Reilingen

Freie Wähler Ferienkinder mit dem Nachtmann-Express ins Labyrinth der Familie Dehoust gebracht

Erst gab’s ein Eis, dann ging’s in den Mais

Archivartikel

Reilingen.Erneut hatten die Freien Wähler beim Ferienprogramm eine „Fahrt ins Grüne“ im Angebot. Ziel war zur Freude der vielen Kinder erneut das Maislabyrinth in der Seewaldsiedlung. Pünktlich zur Abfahrt stand FW-Gemeinderat „Bauer Schröder“ mit seinem Traktor und anhängendem „Nachtmann-Express“ auf dem Fröschau-Hof bereit.

Natürlich hatten einige Kinder noch gut in Erinnerung, dass die erste Haltestation vor der Eisdiele war. Von den Betreuern abgesichert, bildete sich eine lange Schlange vor der Ausgabe, wo Elisa Bianchi in windeseile 50 Eisportionen je nach Wunsch herausreichte. Genüsslich Eis schleckend, wurde die Fahrt fortgesetzt.

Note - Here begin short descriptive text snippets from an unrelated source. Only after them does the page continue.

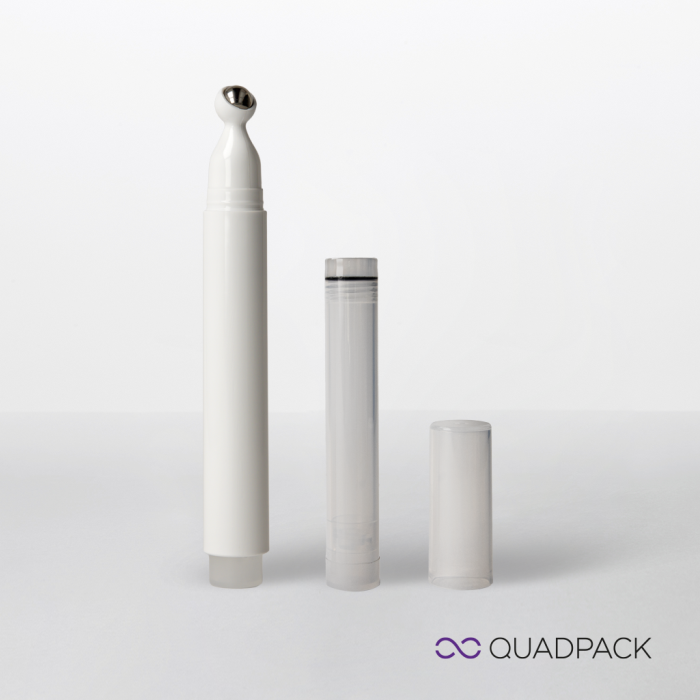 6.6ml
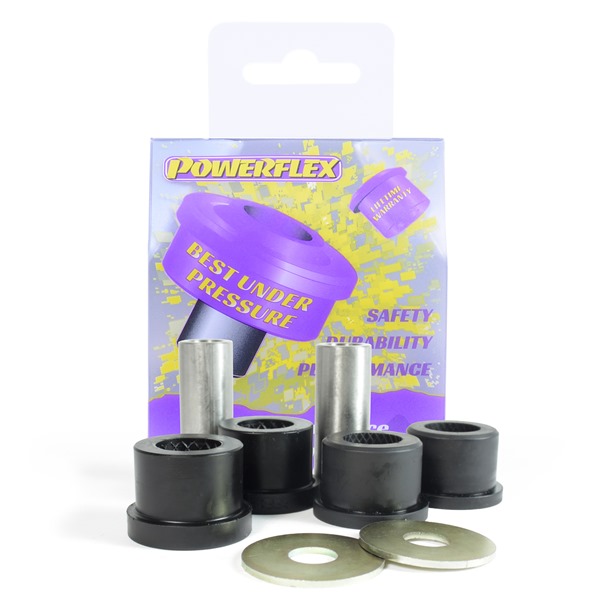 Powerflex  Front Wishbone Front Bush Toyota MR2 Ge
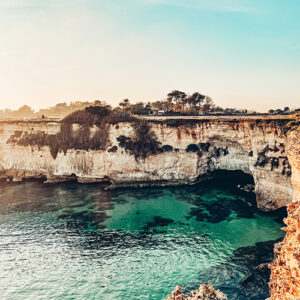 Puglia2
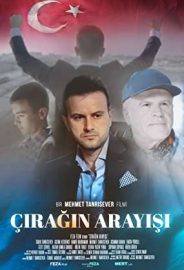 Çırağın Arayışı izle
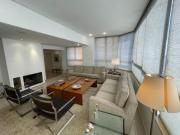 Apartamento à Venda, Morumbi São Paulo SP, 4 Suítes e 4...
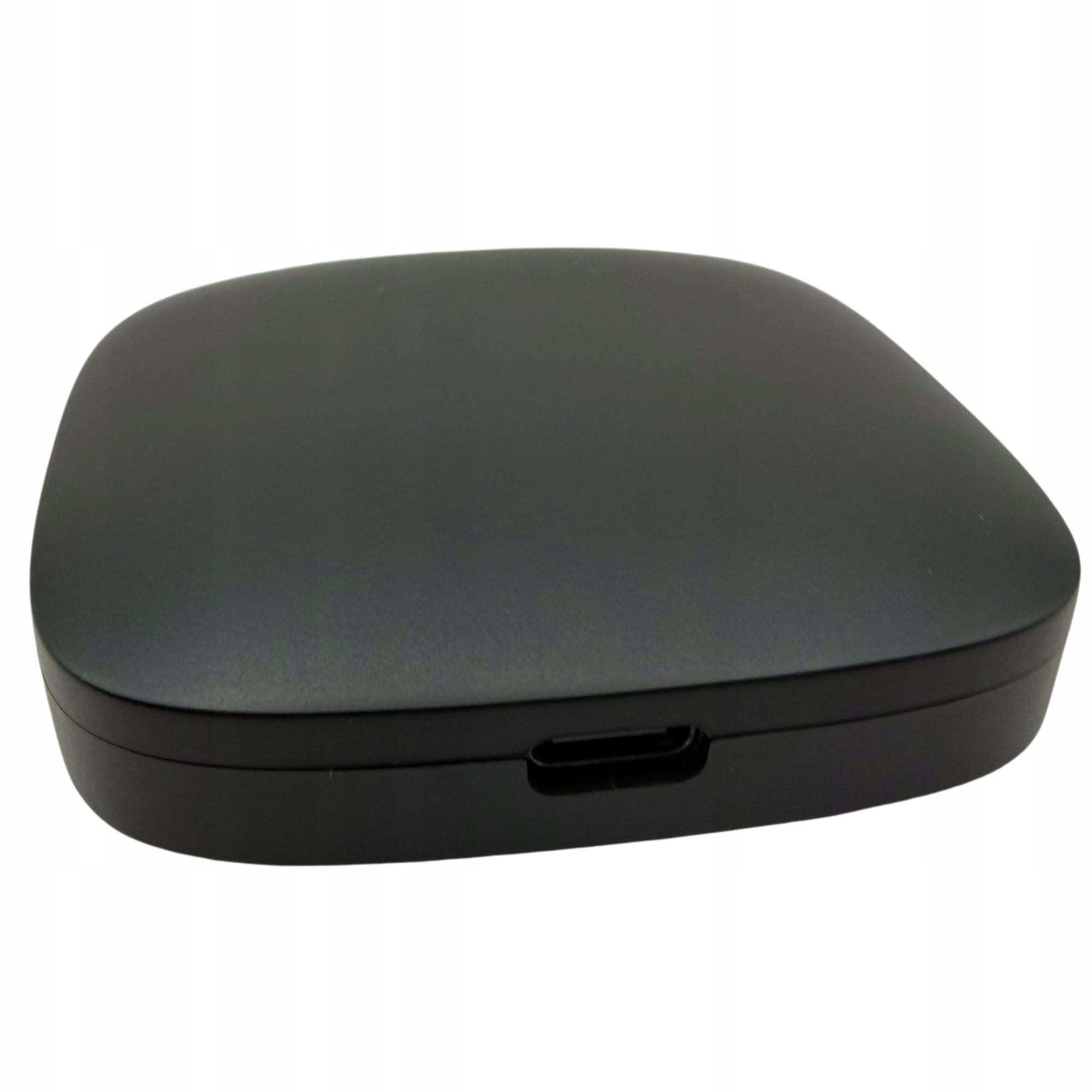 Car Adapter AI BOX CarPlay Android Wireless YouTube Netflix Packaging status original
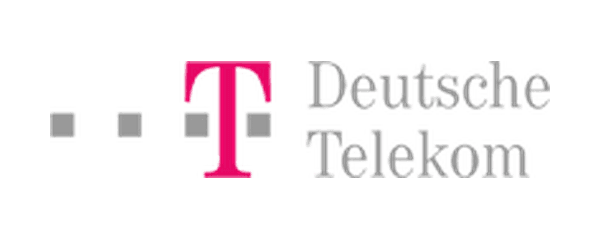 Deutsche Telekom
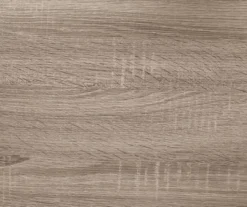 Dark Taupe Hall Console Table 7 Dark Taupe Hall Console Table -Biglots Sales 810542453 4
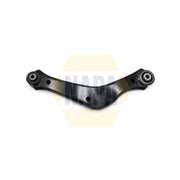 NAPA Control/Trailing Arm Upper NST2685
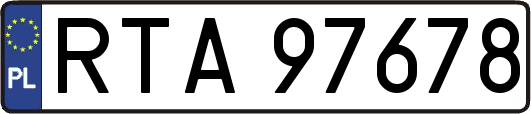 RTA97678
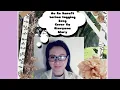 Download Lagu Au ko Karati [Lorina Ingging] Cover By Rinvyana Glory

Sehr gute Erfahrungen haben die Freien Wähler mit Spiel, Spaß und Spannung im Maislabyrinth gemacht. Dazu kommt die sehr gute Versorgung und sympathische Betreuung durch Familie Dehoust.

Gleich nach Ankunft wurden vier Gruppen gebildet und schon liefen die Kinder ins Labyrinth. Nach geraumer Zeit sorgte sich FW-Vorsitzende Sabine Petzold, wie immer. Es folgte die jährliche Frage: „Sind wirklich alle Personen aus dem Labyrinth herausgekommen oder musste auch mal jemand gefunden werden“? Da hörte man aber schon das fröhliche Geschrei der Gruppe „Luna“ beim Erreichen des Ausgangs.

Pudel als Spürhund

Betreuerin Edeltraud Malsch-Gerlach hatte ihren Pudel Luna dabei, der angeblich tatkräftig als Spürhund eingesetzt wurde. Zudem meldete der Schrittzähler, dass 8000 Schritte für das Labyrinth gebraucht wurden.

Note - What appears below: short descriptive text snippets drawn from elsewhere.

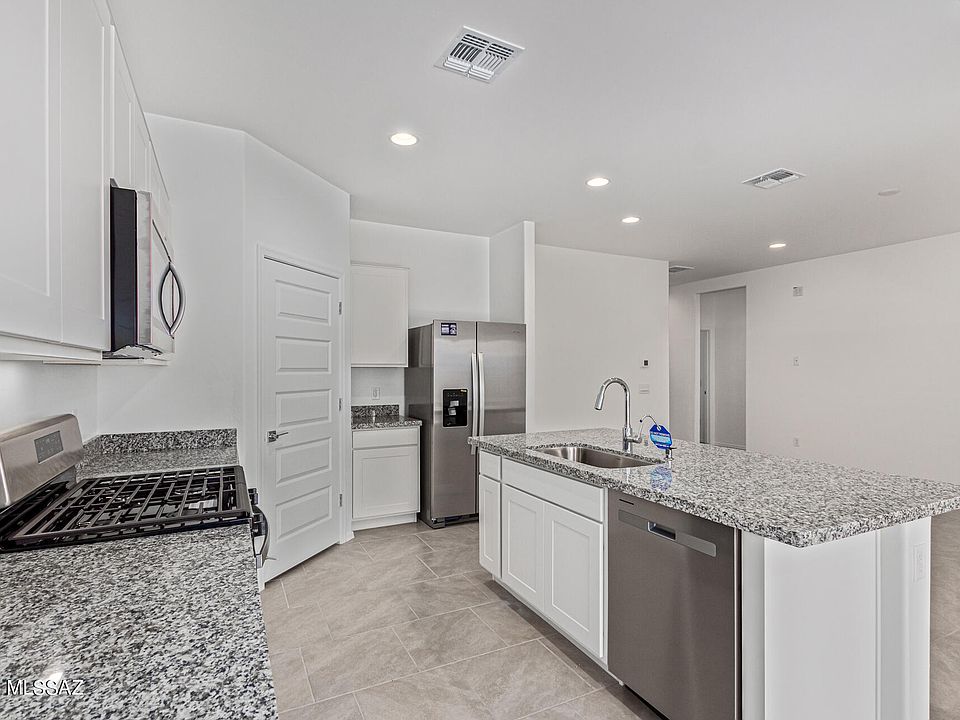 1st image of 8708 W Orange Jubilee Dr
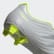 Chuteira Copa 20.4 Campo Grey Two / Matte Silver / Solar Yellow EF8348 Chuteira Copa 20.4 Campo Grey Two / Matte Silver / Solar Yellow EF8348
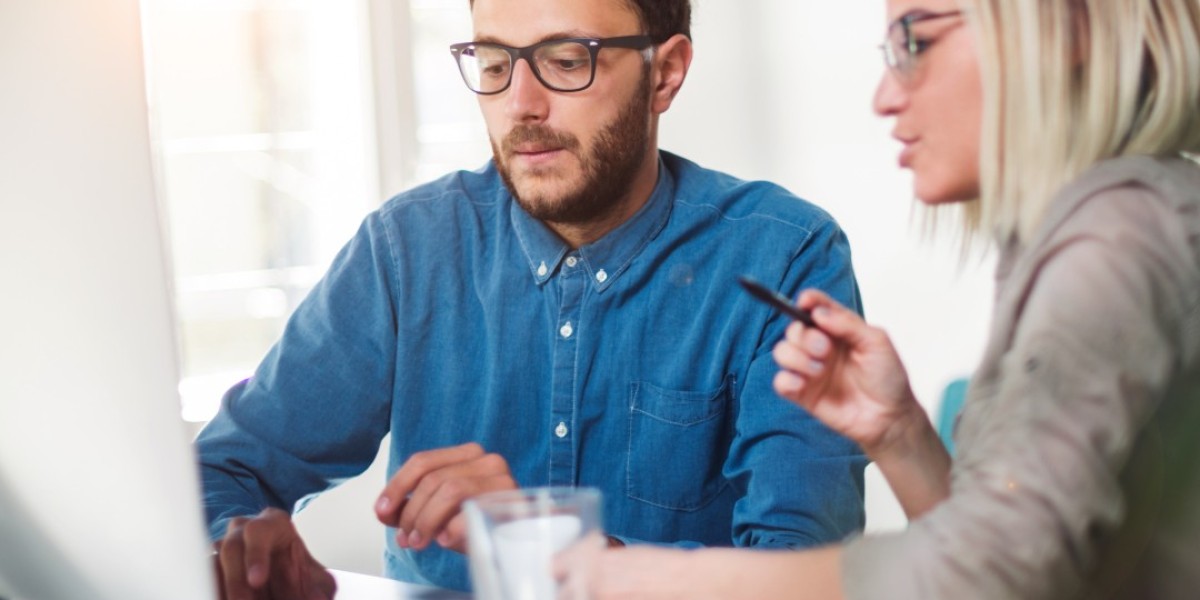 Top 10 Electricity Brokerage Services That Can Lower Your Energy Bills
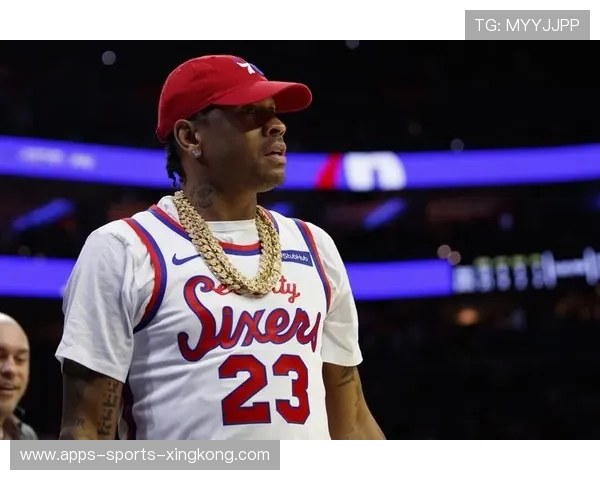 巴黎中场奇才制造奇迹帽子戏法 巴黎中场奇才制造奇迹帽子戏法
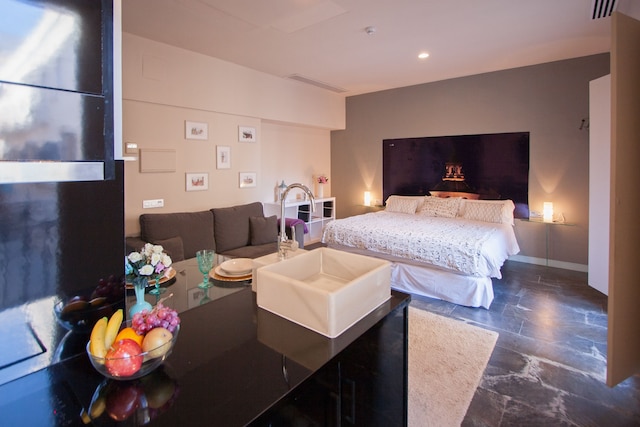 オドネル フラッツ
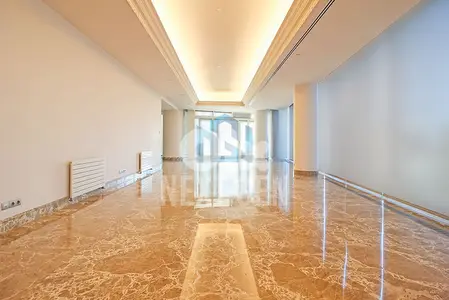 Apartment For Rent In Downtown | شقة للإيجار في وسط المدينة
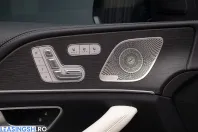 Mercedes-Benz GLE Coupe din 2023 cu 53.000 km - oferta MER202543 - foto 11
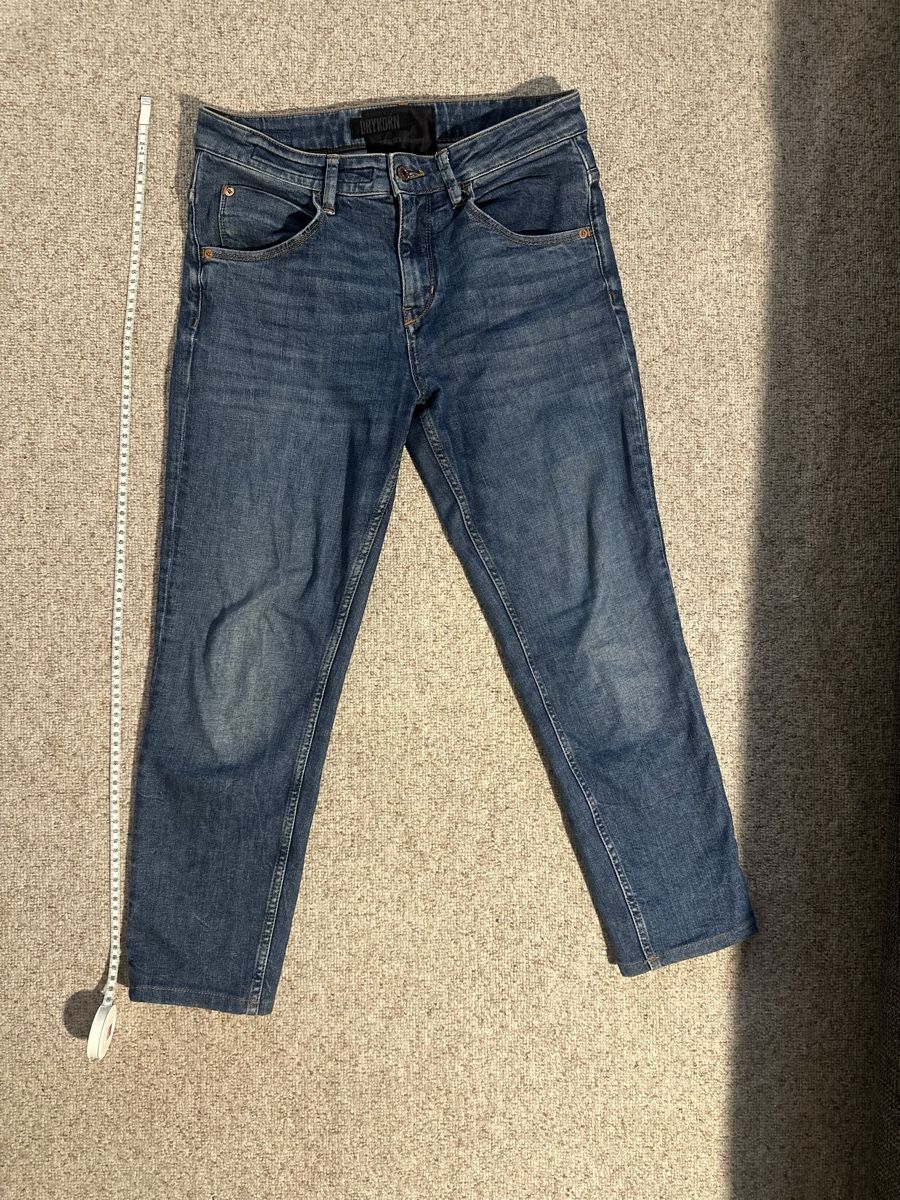 Drykorn Jeans: Drycorn Jeans Gr.38 – Usato da Zürich venduto da mbu_5f9r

Diese Schrittzahl wurde von den Gruppen von Carola Persch und Gemeinderat Peter Künzler wohl etwas überschritten. Primär war man froh, dass Ziel erreicht zu haben, obwohl die Kinder das ganz locker sahen. Etwas warten mussten die Beteiligten auf die Gruppe von Christina Schröder, die akribisch allen Hinweisen gefolgt waren und dadurch alle Tiere plus den Sonderpunkt gefunden hatten. Das dauerte zwar etwas länger, dafür wurden sie aber als beste Gruppe sehr gelobt.

Auf dem Hof konnten sich die Kinder noch austoben und bei den Schweinen und Kühen wurden viele Fragen der Kinder beantwortet. Kuh Brunhilde wurde zur hübschesten Kuh im Stall gekürt.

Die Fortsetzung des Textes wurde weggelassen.